A word from CNBC’s reporter on the ground, Silvia Amaro

LONDON – March 6, 2024: CNBC’s Silvia Amaro interviews Chris Hayward, policy chairman at the City of London Corporation, outside the Houses of Parliament ahead of the U.K.’s Spring Budget statement.

Emilia Hardie, CNBC

CNBC General Assignments Reporter Silvia Amaro has been outside Westminster since the early hours, talking to economists about what to expect from the chancellor:

“The pressure is on. Chancellor Jeremy Hunt is gearing up to present the final Spring Budget of this government before voters head to the polls later this year. No doubt the upcoming general election will impact today’s budgetary announcements.

“The open question is how far the chancellor will be willing to go to convince voters and whether that will be enough to make a big difference in the voting intentions. The Conservative Party is significantly behind Labour, by about 20 percentage points. Though it is still unclear when the general election will take place this year, everyone in Westminster knows: the clock is ticking!”

An Hour Ago

UK stocks nudge higher on ‘British ISA’ speculation

Britain’s FTSE 100 led the way among major European stock indexes on Wednesday morning, nudging 0.3% higher.

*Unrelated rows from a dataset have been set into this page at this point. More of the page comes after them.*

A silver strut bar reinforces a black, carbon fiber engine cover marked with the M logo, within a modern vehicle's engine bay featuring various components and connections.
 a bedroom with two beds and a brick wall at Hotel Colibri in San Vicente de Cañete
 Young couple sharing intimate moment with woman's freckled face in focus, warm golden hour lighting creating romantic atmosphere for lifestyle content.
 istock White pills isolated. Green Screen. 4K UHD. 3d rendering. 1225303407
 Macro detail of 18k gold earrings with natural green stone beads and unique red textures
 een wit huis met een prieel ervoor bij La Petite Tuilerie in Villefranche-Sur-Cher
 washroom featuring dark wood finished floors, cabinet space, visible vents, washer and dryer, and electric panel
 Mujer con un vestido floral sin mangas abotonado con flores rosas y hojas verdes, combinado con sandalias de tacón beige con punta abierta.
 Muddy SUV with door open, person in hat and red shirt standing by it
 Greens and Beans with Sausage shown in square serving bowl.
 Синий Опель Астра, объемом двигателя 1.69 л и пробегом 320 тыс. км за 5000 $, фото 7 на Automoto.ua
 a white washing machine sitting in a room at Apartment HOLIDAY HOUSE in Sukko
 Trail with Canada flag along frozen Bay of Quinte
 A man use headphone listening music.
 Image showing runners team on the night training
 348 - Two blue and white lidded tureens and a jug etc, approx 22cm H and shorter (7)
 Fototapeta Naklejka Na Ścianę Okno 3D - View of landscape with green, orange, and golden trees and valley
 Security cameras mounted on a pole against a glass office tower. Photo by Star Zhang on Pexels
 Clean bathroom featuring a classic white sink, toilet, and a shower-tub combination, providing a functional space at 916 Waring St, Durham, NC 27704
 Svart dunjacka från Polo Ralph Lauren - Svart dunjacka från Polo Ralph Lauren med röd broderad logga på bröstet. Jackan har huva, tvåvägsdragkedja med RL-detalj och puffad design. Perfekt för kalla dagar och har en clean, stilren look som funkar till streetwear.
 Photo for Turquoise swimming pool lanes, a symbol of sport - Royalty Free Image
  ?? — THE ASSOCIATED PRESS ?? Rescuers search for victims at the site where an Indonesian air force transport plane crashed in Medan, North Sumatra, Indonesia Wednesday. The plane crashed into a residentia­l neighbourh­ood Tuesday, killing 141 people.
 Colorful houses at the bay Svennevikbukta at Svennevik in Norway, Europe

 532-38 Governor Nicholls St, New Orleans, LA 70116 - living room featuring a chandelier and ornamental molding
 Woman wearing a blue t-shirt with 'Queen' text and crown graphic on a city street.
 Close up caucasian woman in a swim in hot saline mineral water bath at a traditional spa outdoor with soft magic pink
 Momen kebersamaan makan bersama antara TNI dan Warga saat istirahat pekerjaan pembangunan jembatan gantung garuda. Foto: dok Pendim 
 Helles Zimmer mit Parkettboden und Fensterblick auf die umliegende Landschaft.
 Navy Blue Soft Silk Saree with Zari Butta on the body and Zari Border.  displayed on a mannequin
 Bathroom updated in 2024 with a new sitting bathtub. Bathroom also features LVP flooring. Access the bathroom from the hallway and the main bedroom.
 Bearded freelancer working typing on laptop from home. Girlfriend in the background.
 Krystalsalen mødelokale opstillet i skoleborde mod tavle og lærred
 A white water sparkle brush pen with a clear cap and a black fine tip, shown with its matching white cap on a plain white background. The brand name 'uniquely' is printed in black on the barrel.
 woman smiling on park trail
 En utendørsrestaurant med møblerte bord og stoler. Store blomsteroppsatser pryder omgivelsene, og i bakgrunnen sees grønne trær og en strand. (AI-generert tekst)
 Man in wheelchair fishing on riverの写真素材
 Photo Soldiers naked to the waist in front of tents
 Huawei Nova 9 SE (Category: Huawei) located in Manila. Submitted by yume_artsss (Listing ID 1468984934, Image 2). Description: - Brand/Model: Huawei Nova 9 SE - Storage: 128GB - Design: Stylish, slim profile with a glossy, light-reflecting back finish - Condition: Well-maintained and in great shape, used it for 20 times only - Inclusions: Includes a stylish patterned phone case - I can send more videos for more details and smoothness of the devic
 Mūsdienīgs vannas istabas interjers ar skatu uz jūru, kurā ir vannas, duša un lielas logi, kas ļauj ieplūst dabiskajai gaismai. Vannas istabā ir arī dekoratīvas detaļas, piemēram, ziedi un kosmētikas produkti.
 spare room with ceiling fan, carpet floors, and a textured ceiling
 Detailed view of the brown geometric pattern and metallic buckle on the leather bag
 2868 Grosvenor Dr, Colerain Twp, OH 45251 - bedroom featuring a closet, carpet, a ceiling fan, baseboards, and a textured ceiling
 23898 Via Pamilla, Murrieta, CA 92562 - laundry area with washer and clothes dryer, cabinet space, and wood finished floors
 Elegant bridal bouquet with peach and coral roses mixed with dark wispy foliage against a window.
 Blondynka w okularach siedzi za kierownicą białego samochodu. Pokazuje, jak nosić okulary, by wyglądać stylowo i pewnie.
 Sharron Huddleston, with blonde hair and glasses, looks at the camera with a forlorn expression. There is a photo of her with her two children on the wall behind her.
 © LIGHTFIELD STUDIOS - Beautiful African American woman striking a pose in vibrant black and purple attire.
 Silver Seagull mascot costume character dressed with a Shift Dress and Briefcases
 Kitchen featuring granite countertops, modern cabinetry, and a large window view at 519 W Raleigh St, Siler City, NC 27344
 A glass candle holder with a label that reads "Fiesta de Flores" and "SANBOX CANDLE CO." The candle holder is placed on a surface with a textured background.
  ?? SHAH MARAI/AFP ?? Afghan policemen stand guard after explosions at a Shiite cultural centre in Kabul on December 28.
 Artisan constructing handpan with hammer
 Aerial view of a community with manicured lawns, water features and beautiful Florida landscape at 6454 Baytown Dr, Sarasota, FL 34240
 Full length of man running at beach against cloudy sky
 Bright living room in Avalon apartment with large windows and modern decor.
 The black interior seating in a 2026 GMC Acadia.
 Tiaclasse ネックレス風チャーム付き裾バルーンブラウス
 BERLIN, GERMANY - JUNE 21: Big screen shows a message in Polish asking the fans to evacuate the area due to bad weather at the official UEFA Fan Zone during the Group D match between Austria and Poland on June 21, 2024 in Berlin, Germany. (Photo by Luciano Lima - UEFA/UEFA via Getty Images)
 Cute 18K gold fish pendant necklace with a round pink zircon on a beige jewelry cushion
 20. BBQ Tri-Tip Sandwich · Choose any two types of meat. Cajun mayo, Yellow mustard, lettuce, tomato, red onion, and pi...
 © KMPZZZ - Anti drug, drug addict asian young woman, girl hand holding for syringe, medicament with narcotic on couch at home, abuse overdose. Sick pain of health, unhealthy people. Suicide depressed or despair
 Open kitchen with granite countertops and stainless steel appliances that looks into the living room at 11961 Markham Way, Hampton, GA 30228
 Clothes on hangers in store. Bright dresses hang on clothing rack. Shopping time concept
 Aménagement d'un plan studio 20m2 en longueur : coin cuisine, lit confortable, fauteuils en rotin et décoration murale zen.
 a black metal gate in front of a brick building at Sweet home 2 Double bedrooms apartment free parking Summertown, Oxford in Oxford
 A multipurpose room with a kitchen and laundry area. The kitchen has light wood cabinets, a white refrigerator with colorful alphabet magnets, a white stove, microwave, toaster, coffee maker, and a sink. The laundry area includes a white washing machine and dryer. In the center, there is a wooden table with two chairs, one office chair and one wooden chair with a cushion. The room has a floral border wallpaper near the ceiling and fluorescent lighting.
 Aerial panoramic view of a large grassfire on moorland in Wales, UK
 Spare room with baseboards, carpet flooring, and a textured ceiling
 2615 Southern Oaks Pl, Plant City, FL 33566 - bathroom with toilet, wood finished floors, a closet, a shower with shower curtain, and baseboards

Russ Mould, investment director at AJ Bell, suggested the cautiously positive sentiment may derive from speculation that Jeremy Hunt will announce plans for a “British ISA” in order to encourage more Brits to invest savings in U.K. stocks.

An ISA (individual savings account) is a popular savings account in the U.K. that offers tax-free interest payments.

The government has already announced plans to make pension funds disclose how much they are investing in the U.K. versus overseas markets.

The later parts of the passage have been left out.